図1 電子顕微鏡検査の画像。金色はTa/TaN膜の外表面を示す。赤い線を含む面はビア全体の断面で、TaとTaN層を示している

 最新式の原子レベルでの画像化の手法、つまり電子顕微鏡検査は50年前から使用されている技術である。真空中の電界と磁界の性質から、電子顕微鏡の円柱状に対称なレンズは大きな球面収差をもつ。

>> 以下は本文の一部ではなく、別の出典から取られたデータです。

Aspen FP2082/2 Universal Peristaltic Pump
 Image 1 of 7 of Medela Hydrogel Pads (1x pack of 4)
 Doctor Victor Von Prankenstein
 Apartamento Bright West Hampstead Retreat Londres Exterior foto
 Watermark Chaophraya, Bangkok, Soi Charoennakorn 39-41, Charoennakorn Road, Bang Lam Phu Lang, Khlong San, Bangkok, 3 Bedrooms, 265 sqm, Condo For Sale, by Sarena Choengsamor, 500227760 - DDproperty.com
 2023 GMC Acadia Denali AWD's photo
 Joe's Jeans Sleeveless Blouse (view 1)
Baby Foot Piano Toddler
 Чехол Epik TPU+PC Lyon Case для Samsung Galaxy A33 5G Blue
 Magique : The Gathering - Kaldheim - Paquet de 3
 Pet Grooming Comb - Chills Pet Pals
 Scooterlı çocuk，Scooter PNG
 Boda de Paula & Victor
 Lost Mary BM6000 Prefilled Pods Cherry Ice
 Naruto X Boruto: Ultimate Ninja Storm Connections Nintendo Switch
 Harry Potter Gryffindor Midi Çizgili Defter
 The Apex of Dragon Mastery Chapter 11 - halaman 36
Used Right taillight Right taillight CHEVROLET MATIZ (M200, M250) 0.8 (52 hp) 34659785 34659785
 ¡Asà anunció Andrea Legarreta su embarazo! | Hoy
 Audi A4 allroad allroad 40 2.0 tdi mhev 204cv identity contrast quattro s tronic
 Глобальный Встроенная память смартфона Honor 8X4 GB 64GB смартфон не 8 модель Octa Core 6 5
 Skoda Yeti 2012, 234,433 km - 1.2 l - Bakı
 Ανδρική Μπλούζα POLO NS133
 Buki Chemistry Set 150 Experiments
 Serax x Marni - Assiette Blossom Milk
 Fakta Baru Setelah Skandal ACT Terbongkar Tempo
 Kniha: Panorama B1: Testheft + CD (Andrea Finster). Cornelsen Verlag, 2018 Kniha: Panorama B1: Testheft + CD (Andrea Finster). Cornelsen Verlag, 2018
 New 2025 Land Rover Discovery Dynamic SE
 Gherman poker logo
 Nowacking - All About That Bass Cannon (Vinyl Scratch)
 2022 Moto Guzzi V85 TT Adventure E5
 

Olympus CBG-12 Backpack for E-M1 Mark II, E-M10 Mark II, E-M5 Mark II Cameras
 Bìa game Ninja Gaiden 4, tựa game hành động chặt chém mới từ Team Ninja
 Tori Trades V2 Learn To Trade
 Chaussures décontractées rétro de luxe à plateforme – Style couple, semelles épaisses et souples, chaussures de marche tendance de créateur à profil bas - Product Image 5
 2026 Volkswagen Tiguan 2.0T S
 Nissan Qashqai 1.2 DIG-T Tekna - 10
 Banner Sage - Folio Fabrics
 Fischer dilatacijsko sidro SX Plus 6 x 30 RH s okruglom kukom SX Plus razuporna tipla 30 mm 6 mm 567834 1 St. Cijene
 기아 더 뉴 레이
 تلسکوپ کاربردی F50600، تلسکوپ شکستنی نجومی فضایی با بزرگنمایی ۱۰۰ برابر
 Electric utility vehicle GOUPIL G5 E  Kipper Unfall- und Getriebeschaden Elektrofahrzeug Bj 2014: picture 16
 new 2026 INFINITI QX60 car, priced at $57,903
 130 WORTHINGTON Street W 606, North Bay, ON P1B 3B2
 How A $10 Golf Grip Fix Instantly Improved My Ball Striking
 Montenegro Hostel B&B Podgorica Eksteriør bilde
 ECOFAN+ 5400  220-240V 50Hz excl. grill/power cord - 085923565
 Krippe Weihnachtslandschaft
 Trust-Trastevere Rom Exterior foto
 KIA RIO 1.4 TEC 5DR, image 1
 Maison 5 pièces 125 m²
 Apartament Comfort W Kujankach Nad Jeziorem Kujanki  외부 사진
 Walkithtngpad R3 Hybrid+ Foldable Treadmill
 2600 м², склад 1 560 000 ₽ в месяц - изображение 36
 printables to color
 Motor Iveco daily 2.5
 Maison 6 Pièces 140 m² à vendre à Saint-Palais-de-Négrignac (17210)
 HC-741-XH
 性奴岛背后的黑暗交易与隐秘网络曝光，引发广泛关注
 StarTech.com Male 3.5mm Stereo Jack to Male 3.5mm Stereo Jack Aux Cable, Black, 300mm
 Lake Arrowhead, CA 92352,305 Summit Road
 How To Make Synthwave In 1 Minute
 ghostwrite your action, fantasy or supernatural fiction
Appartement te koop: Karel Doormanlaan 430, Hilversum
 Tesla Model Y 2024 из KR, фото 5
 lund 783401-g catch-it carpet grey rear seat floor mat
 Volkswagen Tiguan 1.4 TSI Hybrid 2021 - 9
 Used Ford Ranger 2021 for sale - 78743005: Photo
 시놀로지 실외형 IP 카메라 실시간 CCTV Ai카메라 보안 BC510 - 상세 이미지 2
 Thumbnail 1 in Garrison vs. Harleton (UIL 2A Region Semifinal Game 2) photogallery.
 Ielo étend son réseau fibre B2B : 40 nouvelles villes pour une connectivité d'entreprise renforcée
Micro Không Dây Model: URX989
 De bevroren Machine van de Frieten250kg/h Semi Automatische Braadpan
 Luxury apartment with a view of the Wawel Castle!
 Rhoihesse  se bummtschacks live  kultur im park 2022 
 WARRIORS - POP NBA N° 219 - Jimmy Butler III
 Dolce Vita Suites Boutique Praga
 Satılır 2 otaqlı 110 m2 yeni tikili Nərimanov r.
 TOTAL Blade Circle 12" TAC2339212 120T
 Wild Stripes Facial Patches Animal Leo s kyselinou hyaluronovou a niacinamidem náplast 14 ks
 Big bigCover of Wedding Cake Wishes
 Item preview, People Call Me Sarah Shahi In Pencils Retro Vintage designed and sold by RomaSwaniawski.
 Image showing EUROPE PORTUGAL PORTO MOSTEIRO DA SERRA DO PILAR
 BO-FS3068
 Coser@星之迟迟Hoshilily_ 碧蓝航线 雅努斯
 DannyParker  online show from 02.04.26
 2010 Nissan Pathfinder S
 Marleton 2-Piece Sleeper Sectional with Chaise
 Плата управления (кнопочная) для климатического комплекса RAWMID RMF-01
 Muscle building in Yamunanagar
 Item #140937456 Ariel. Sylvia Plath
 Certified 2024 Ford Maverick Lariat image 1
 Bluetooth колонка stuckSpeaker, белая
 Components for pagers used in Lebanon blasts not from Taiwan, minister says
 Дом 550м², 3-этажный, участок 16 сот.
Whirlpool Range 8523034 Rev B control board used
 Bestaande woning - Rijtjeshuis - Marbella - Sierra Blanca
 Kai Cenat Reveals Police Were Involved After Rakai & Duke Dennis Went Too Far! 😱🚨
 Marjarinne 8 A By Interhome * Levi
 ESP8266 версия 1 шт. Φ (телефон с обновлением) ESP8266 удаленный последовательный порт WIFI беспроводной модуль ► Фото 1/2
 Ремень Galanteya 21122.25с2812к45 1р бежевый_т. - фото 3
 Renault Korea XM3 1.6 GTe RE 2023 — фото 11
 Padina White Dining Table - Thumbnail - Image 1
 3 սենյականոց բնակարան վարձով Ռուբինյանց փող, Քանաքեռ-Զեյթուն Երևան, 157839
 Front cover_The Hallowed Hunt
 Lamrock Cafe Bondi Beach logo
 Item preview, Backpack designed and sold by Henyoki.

波長ごとに、標準的なレンズ系は基本的にビール瓶と同じ光学特性を持ち、ゆがみのない画像を得るため、0.01以下の極めて小さい開口数(NA)が必要である。理論的には、電子顕微鏡の空間分解能は、球面収差を解消できるレンズ系を用いると50倍向上する。

 電子顕微鏡の登場から50年が経った今、光学的ソリューションをもたらす革命が進行中だ。新世代の電子顕微鏡の解像度は2〜4倍高くなり、使用可能な電流は10〜100倍増加し、10〜100倍高速化する。これは円柱状レンズ系内に置かれた80以上の多重極レンズで構成される補正光学系により実現した。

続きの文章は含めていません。